* [Assignment]: Only the lines from the one with "Petroglyph in Rinconada" to the end of the data below should be given again, exactly, with both ends included and pictures omitted.
══════
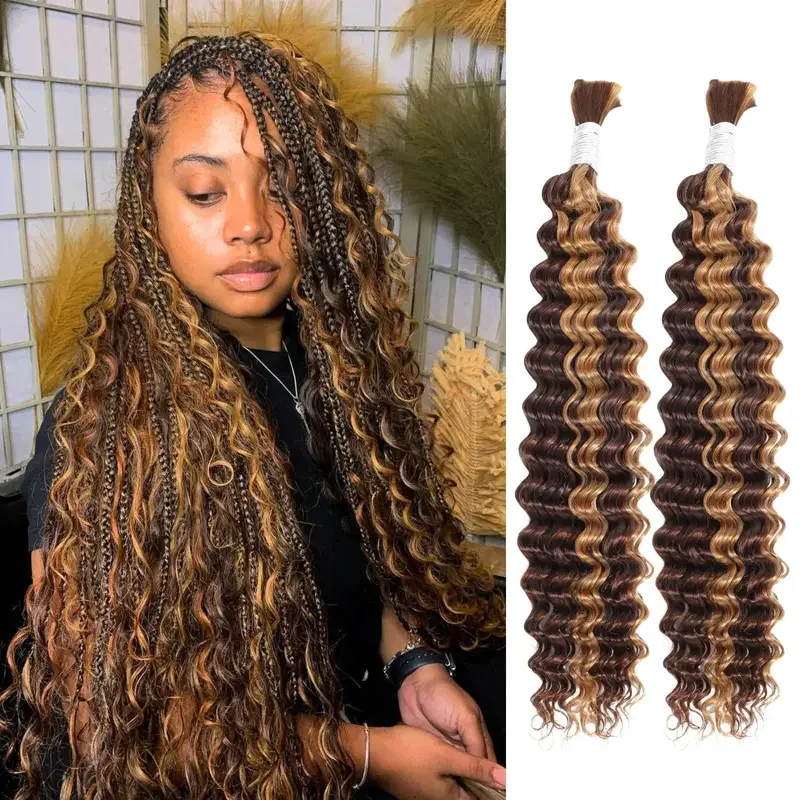 28 In 4/27 Color Deep Wave Bulk Human Hair for Braiding No Weft Virgin Hair Curly Human Braiding Hair Extensions for Boho Braids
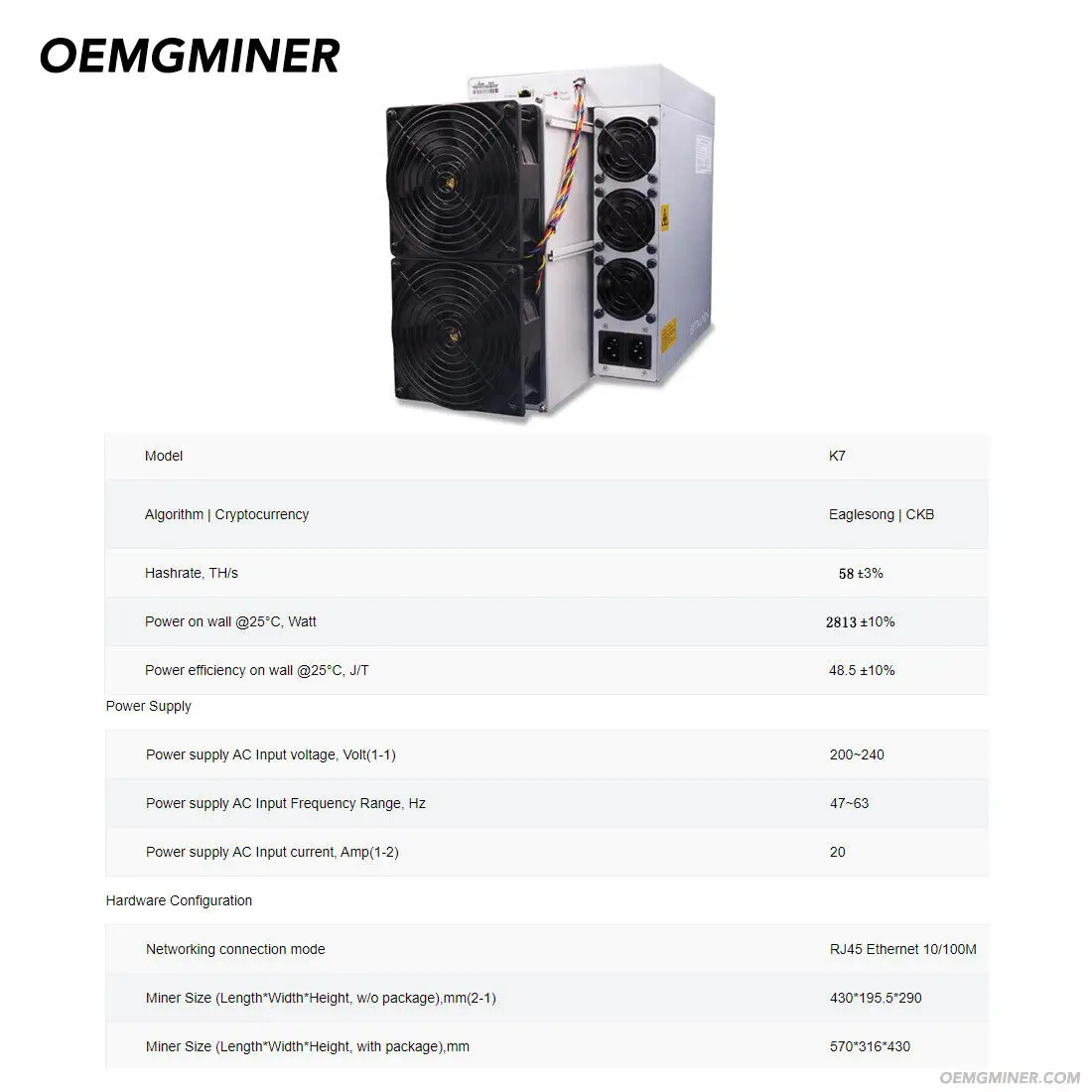 Bitmain Antminer K7 63,5 Th/s CKB Miner, Réseau Nervos, Puissance 3080W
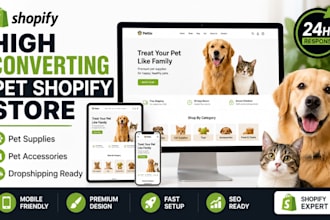 design shopify pet store, pet supplies dropshipping store, shopify pet website
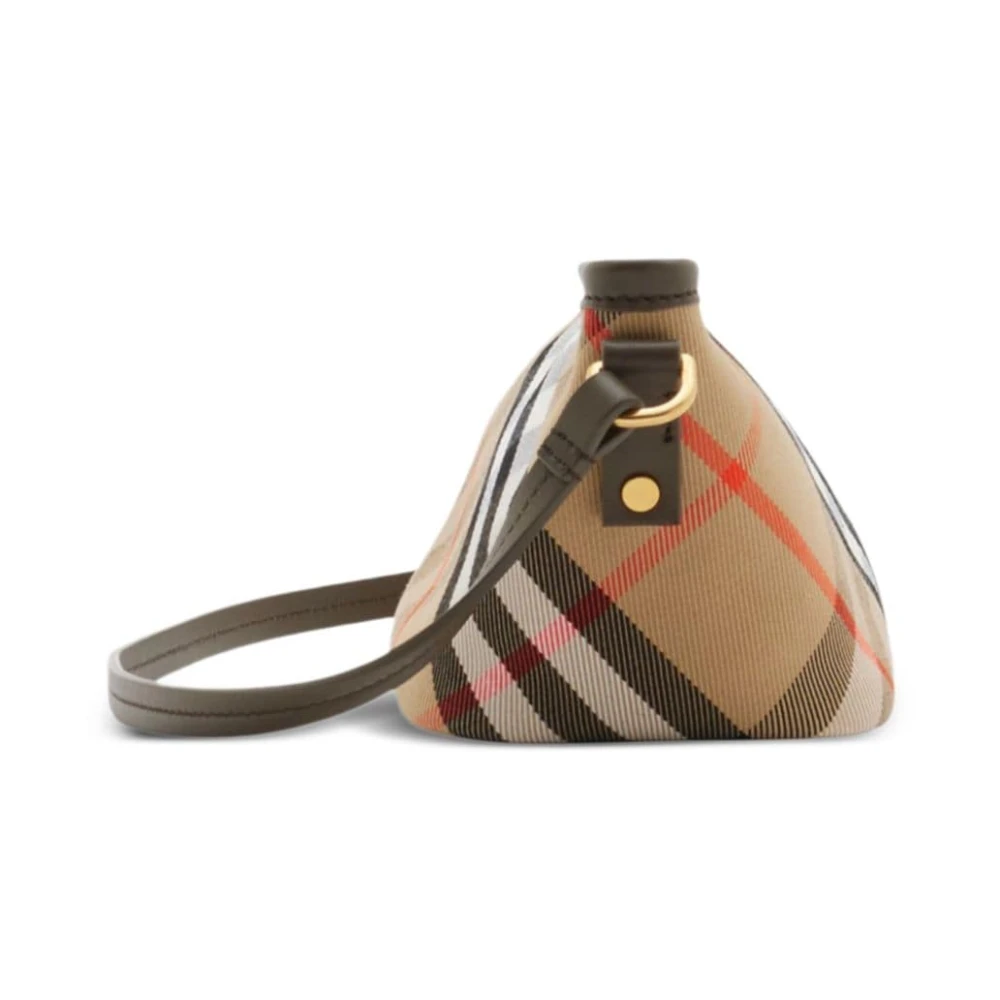 Burberry Schoudertas met Vintage Ruitpatroon Beige Dames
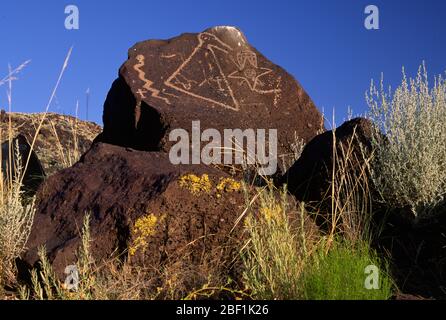 Petroglyph in Rinconada Canyon, Petroglyph National Monument, New Mexico Stockfoto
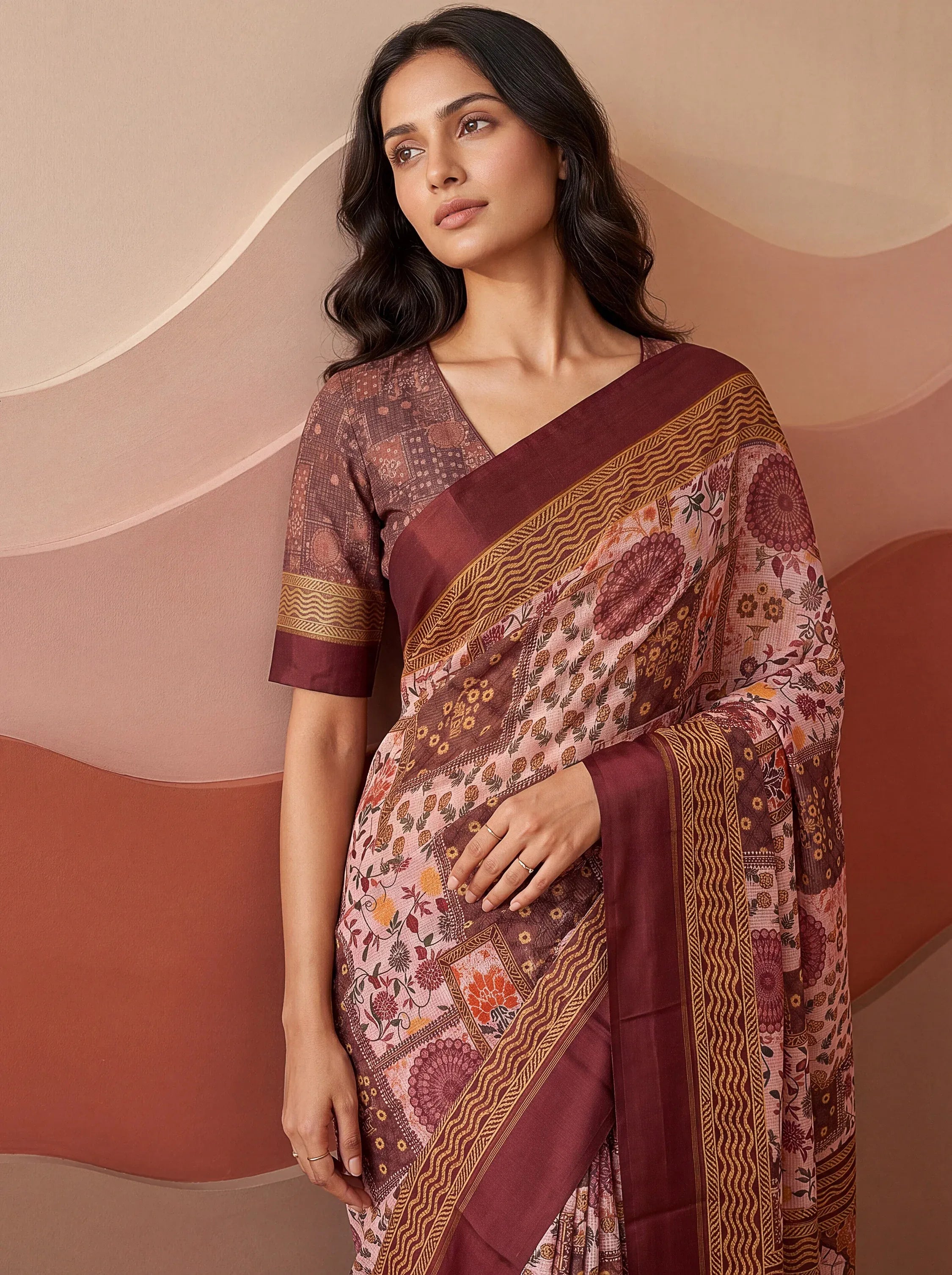 Mesmerizing Pink Floral Printed Silk Marriage Wear Saree With Blouse
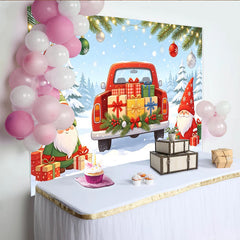 Lofaris Cute Christmas Holiday Backdrop with Gnomes, Red Truck and Gifts, Snowy Winter Wonderland Background for Festive Party Decoration
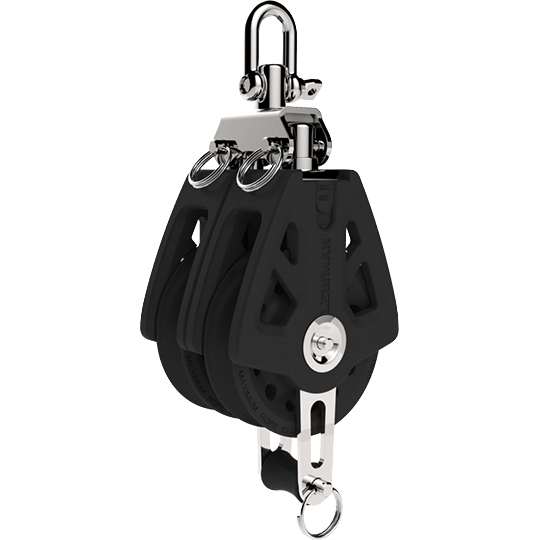 Lewmar 29927205BK 72mm Double Synchro Block With Becket - Pacific Sailboat Supply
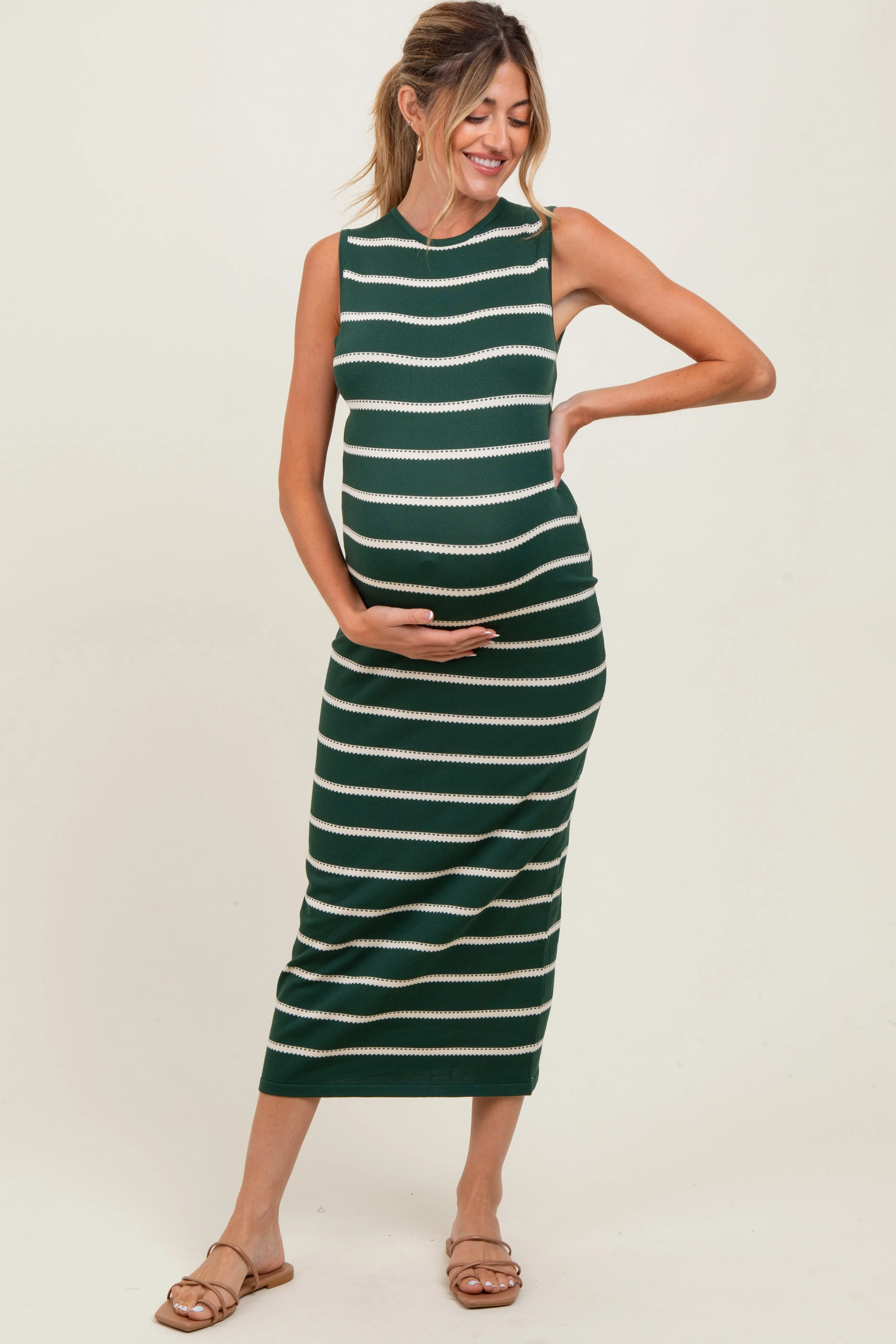 Forest Green Striped Sleeveless Knit Maternity Midi Dress sold by Pinkblush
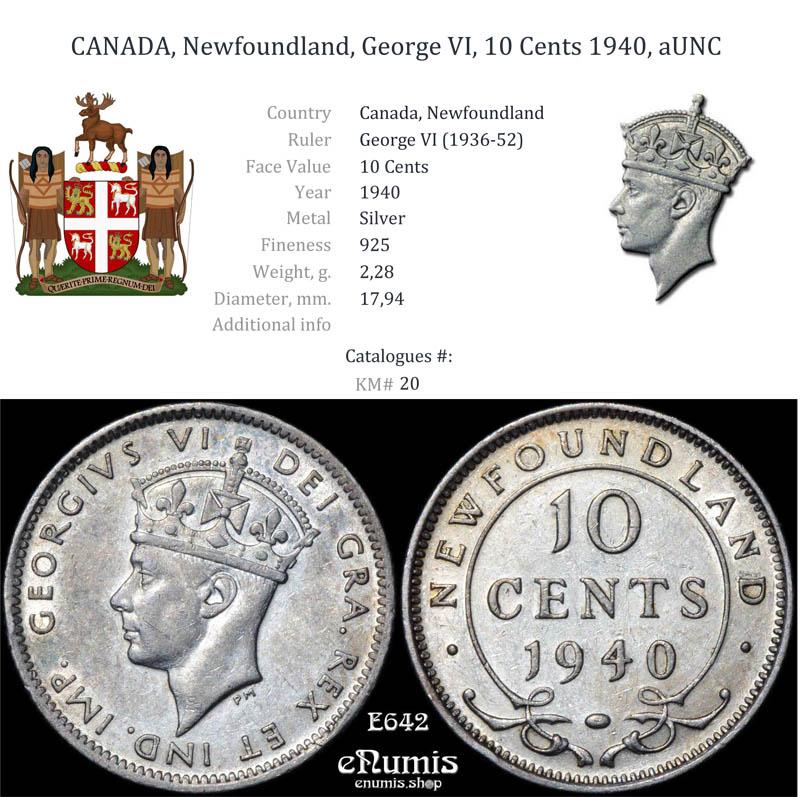 CANADA, Newfoundland, George VI, 10 Cents 1940, aUNC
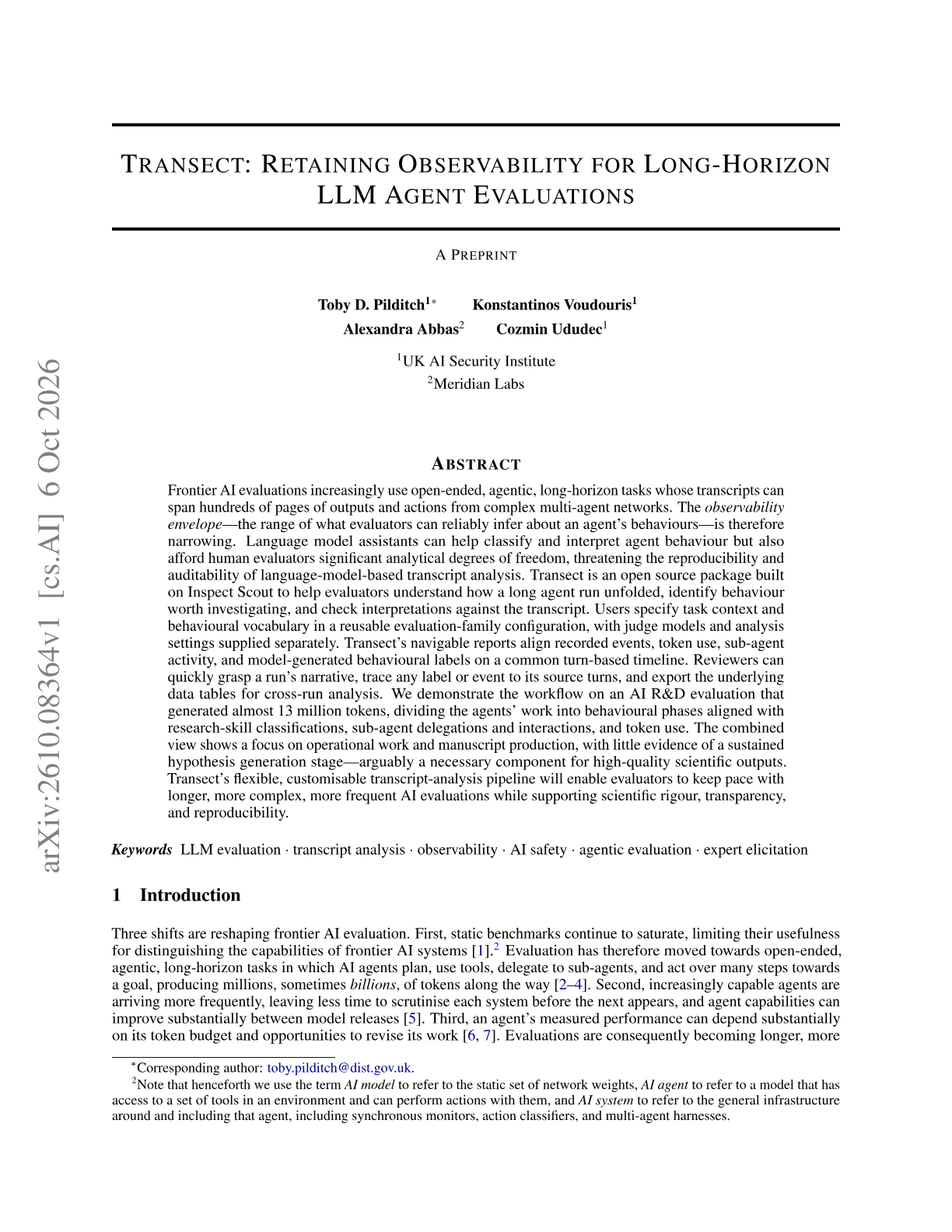 Transect: Retaining Observability for Long-Horizon LLM Agent Evaluations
══════
* [Written answer]:
 Petroglyph in Rinconada Canyon, Petroglyph National Monument, New Mexico Stockfoto
 Mesmerizing Pink Floral Printed Silk Marriage Wear Saree With Blouse
 Lofaris Cute Christmas Holiday Backdrop with Gnomes, Red Truck and Gifts, Snowy Winter Wonderland Background for Festive Party Decoration
 Lewmar 29927205BK 72mm Double Synchro Block With Becket - Pacific Sailboat Supply
 Forest Green Striped Sleeveless Knit Maternity Midi Dress sold by Pinkblush
 CANADA, Newfoundland, George VI, 10 Cents 1940, aUNC
 Transect: Retaining Observability for Long-Horizon LLM Agent Evaluations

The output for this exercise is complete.